The mythos – dare we say story? – of Scripture points to God’s action as God reveals Godself to the world in and through the history of Israel and in Jesus of Nazareth. Thus where some have sought to extract principles from Scripture for existential application (demythologization), Kevin Vanhoozer argues that we can only truly do justice to Scripture by understanding the God–world relationship in the terms and concepts Scripture itself employs (remythologization). Vanhoozer’s aim is to analyze these terms and concepts to ascertain what may be said about God as God. He wishes to proceed from mythos to metaphysics, though presumably without abandoning mythos in the process.

Scripture testifies to an acting and speaking God; in Vanhoozer’s terms, to a God who is a communicative agent – indeed, a triune communicative agent. And so the metaphysics of God must be framed in terms of divine communicative action. Vanhoozer’s shorthand term for this is triune authorship. Why?

“Authoring” covers what God does as creator, reconciler, redeemer, and perfecter, and so serves as a metaphor for the economic Trinity as well: the Father “authors” in Christ through the Spirit. (p. 26, emphasis original)

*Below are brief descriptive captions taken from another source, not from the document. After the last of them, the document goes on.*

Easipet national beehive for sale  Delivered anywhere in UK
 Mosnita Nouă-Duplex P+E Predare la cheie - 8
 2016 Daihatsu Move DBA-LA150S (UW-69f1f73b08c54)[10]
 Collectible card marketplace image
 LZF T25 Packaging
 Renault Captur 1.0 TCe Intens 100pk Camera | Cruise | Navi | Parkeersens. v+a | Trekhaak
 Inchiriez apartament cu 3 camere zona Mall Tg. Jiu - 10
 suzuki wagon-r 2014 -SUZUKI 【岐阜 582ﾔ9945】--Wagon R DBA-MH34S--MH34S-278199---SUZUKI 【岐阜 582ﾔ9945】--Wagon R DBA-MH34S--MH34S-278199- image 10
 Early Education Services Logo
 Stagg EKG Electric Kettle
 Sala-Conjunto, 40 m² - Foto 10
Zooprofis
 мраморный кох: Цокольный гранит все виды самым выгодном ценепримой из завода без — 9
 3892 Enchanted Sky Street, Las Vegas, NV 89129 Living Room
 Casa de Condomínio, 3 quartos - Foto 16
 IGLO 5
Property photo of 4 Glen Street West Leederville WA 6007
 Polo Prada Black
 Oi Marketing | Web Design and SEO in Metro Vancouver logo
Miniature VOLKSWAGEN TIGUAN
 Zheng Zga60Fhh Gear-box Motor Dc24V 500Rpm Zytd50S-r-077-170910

There a number of implications entailed by Vanhoozer’s take on remythologization, which he outlines on pages 26–30. Of particular interest to me is the idea that remythologization depicts the God–world relation not in terms of causation, but primarily in terms of communication. This suggests, appropriately, that agency rather than causality is at the heart of divine action, with an emphasis on personal interaction between God and the world. Most likely every theologian or philosopher who delves into the deep waters of providence and divine action desires to avoid impersonal connotations when expressing their ideas; but Vanhoozer, with his focus on communicative action, at least seems to have adopted a concept that appears especially fertile to foster such personal interaction.

And this observation points to the sub-plot that Vanhoozer readily acknowledges permeates Remythologizing Theology: the question of divine impassibility. Do human interlocutors affect God in any way? If so, how? And does Vanhoozer assume that in the God–world dialogical relationship, only humans communicate?